Notwithstanding the adviser’s policies, the portfolio manager was able to execute cross trades over the course of more than four years without complying with the adviser’s stated policies. The SEC found that the adviser’s compliance monitoring efforts were insufficient, and that compliance personnel did not adequately follow up on certain matters that could, in retrospect, have been red flags.

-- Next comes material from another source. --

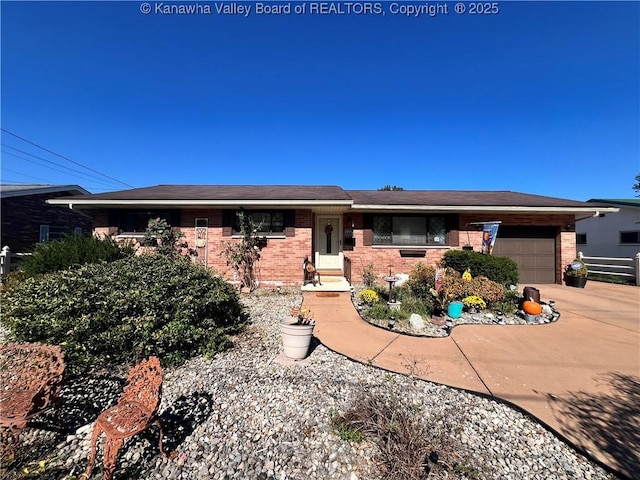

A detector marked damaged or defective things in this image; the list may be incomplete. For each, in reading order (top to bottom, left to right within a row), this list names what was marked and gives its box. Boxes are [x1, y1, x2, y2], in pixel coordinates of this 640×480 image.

rusty metal chair [0, 342, 65, 462]
rusty metal chair [80, 356, 170, 480]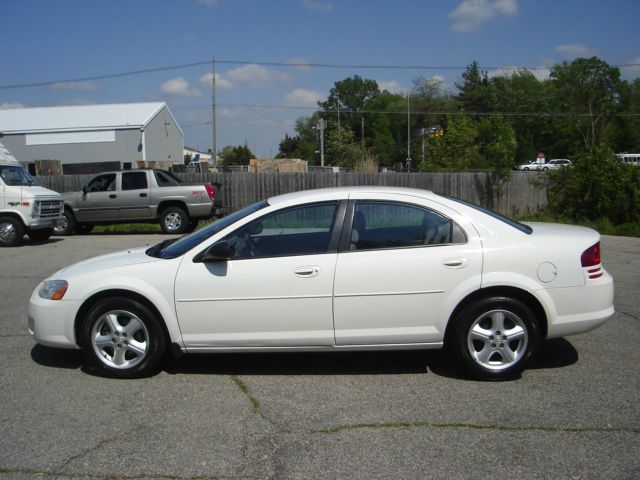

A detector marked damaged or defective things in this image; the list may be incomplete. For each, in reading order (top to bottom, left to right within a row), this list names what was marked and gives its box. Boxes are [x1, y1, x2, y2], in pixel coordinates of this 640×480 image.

cracked asphalt [0, 232, 636, 476]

The adviser was assessed a $1 million civil money penalty and, having voluntarily placed $1,095,006.10 in escrow to compensate harmed clients, was not ordered to pay any disgorgement. The portfolio manager was assessed a $50,000 civil money penalty and suspended from association with an investment adviser, broker-dealer, or other market participants for nine months. The matter was settled without the respondents admitting or denying the findings.

Our Take

As we have noted in prior client communications, advisers that have the discretion to choose broker-dealers to execute transactions for their client accounts have an obligation to seek best execution. The SEC staff recently published a risk alert regarding key best execution compliance deficiencies identified in its examination program (see our related release here). This matter reflects several of the concerns the SEC highlighted in that alert.

Importantly, this action should remind compliance professionals that there is an obligation not only to adopt compliance policies and procedures that are reasonably designed to ensure that an adviser and its supervised persons do not violate relevant securities laws and associated regulations, but also to implement such policies and procedures. It seems clear from this action that implementation includes ongoing monitoring of compliance policies and procedures to ensure that they are working (and if they are not, to update those policies).

The $1 million penalty underscores the SEC’s apparent intent to impose significant fines on advisers even where no intentional misconduct is alleged. Here, the SEC noted the adviser’s significant cooperation and remedial efforts, including terminating the portfolio manager, hiring a compliance consultant, retaining outside counsel to conduct an internal investigation, placing assets in escrow to compensate harmed investors, and ultimately self-reporting the violations to the SEC staff. In light of the significant penalty, advisers that find themselves in a situation where self-reporting might be warranted should ensure that they have a candid and complete discussion of the pros and cons of self-reporting with competent counsel, executive management, and board members before making that decision.

Because of the generality of this update, the information provided herein may not be applicable in all situations and should not be acted upon without specific legal advice based on particular situations.